To some degree it is a case of locking the barn door after the horse has left. Except there are lots of barns and lots more horses. Some have said PCI is an expensive fix. But is the alternative really no more horses and barns? And the DSS isn’t the whole picture either. There are other PCI standards, there is chip and pin, and other practices are needed. None are perfect. They have flaws. Those flaws need to be worked through. Yes it would be nice to get better security out of the gate. There are lots of people working towards that goal. And they don’t always agree. The point is that it’s going to be an evolving processes.
By definition this area is a moving target, an arms race of sorts. It will also have to change as the criminals shift their attacks. And they will shift their attacks as the easy holes get closed off. A new version of this standard is due this fall. When it comes out, it should be better. But then the criminals certainly aren’t sitting still either.
So the answer is to give lots of money to Protegrity?
Really, doesnt cover ALL Compliance?!?!
Here in the US we have companies that really do believe that they are secure and that they will never have a breach, and PCI is their rule stick.
I deal with persons everyday that tell me that they are compliant, I know they have no clue, and as of Nov. 1 we will be separating the wheat from the chaff.
PCI does not protect you from having a CSO, matter of fact that is one of the new rules that are being implemented, there is no added cost since the CSO can be a person already in your company, they just need training on how to recognize potential threats, and to be listened to when they bring up critical areas for a potential breach.
The problems are not with FACTA, PCI or any other regulation, it is with implementation of the regulations, and this is NOT an IT problem it starts with the CEO's and the board rooms, and the new regulations put the responsibility right where it needs to be, if the business is not compliant and they haven’t trained their employees, then the board and CEO's are looking at civil and criminal liability.
The sooner businesses realize that this is not a joke, and that they need to be compliant the sooner that the consumers will be protected; I can’t wait to hear the explanations from them when they have a breach after Nov. 1, 2008.

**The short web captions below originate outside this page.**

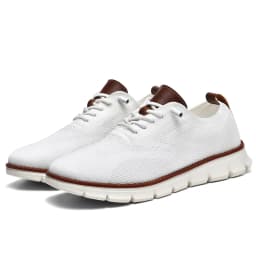 Men's Breathable Knit Casual Sneakers - Lightweight Slip-On Walking Shoes, Elastic No-Tie Laces, Comfortable Work & Daily Footwe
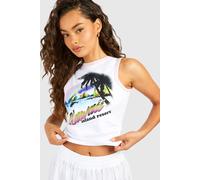 boohoo Women's Hawaii Printed Contrast Racer Crop Vest in White | Size: 12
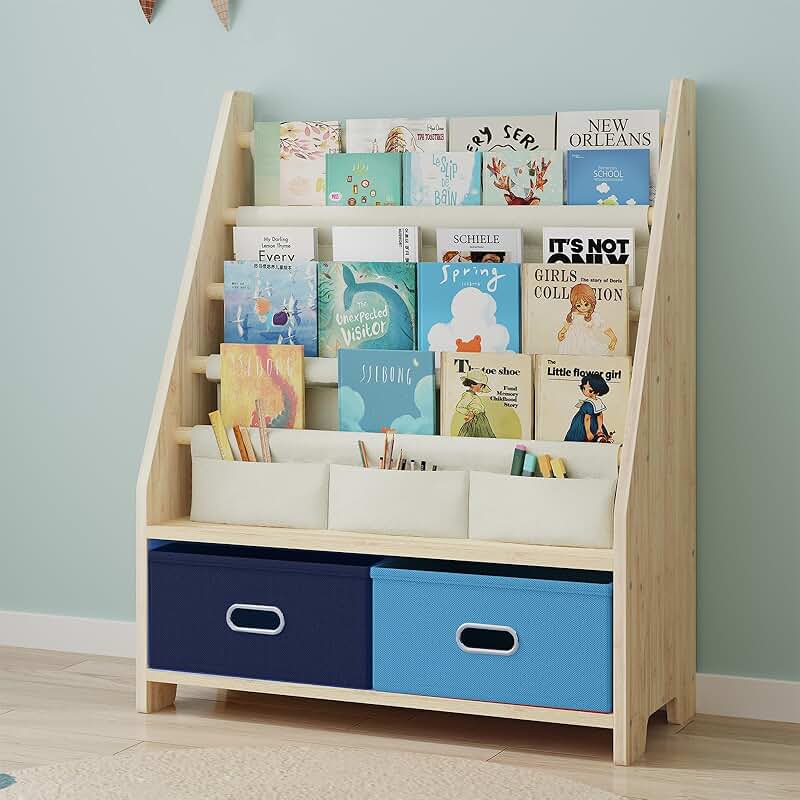 4-Tier Wooden Kids Book and Toy Shelf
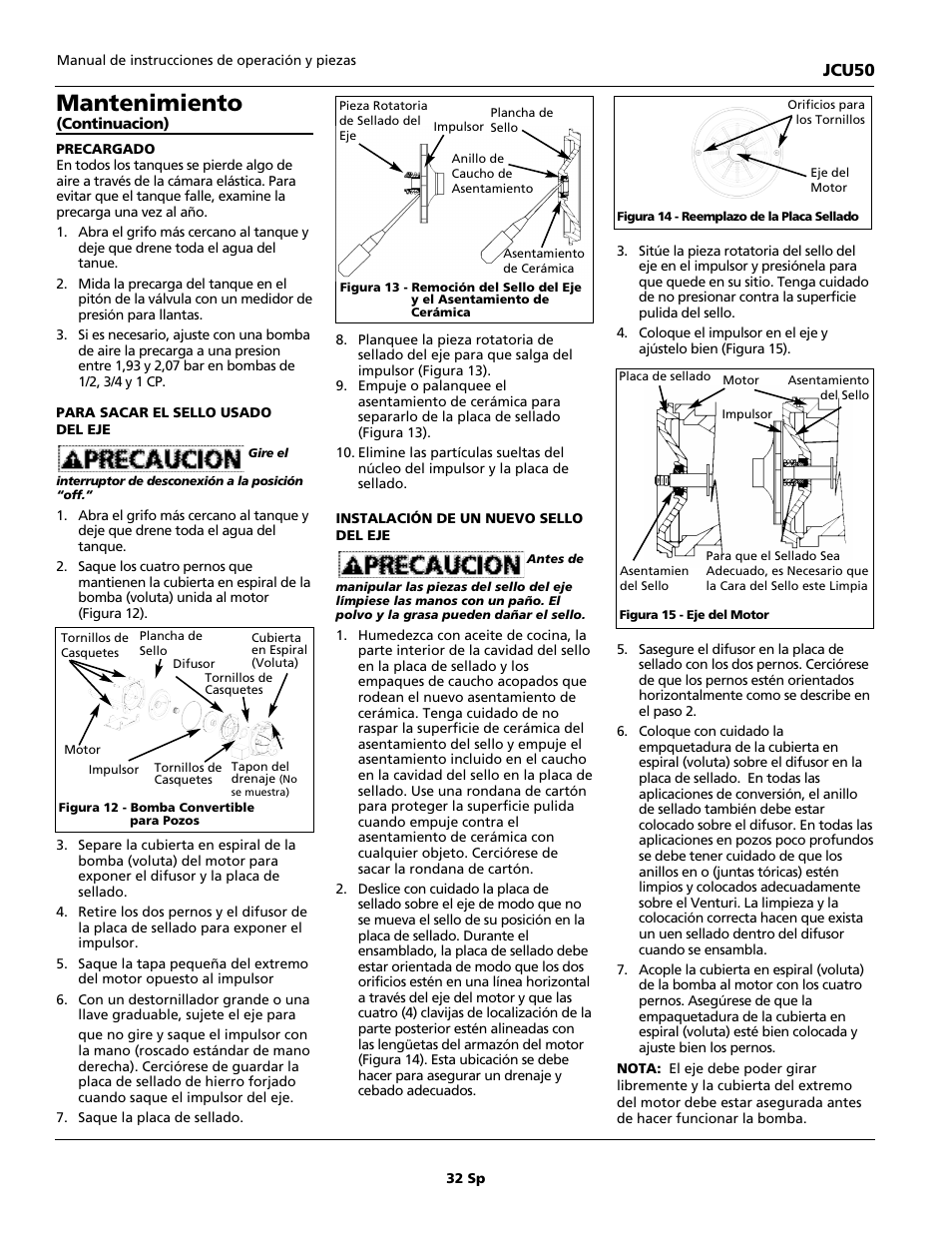 Mantenimiento, Jcu50 | Wayne JCU50 User Manual | Page 32 / 36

That is called "willful non-compliance" they will be twisting in the wind, while the IT people will be saying "told you so", if the CEO doesn’t listen, document that you informed them, and wait, until they (CEO's) listen you are wasting your good breathe.
ISO 9001 is a Quality Management System not a Quality Standard (QMS). Just like ISO 27001 is a Information Security Management System (ISMS) not a Security Standard. The ISMS is part of an overall management system, based on a business risk approach, to establish, implement, operate, monitor, review, maintain and improve information security. It has 133 controls defined by Annex A defined as the normative for control objectives and controls.
The 133 controls is the begin of your summary of controls. These 133 control are just a starting point you may need to add more controls to build your catalog of controls.
PCI DSS does make great strides at addressing the inherent risk of maintaining card holder data. I would like to hear an argument of organization that has implemented PCI DSS without reducing the residual risk. Residual risk should be used as a key performance indicator (KPI) for measure the relevance to security not the individual incidents.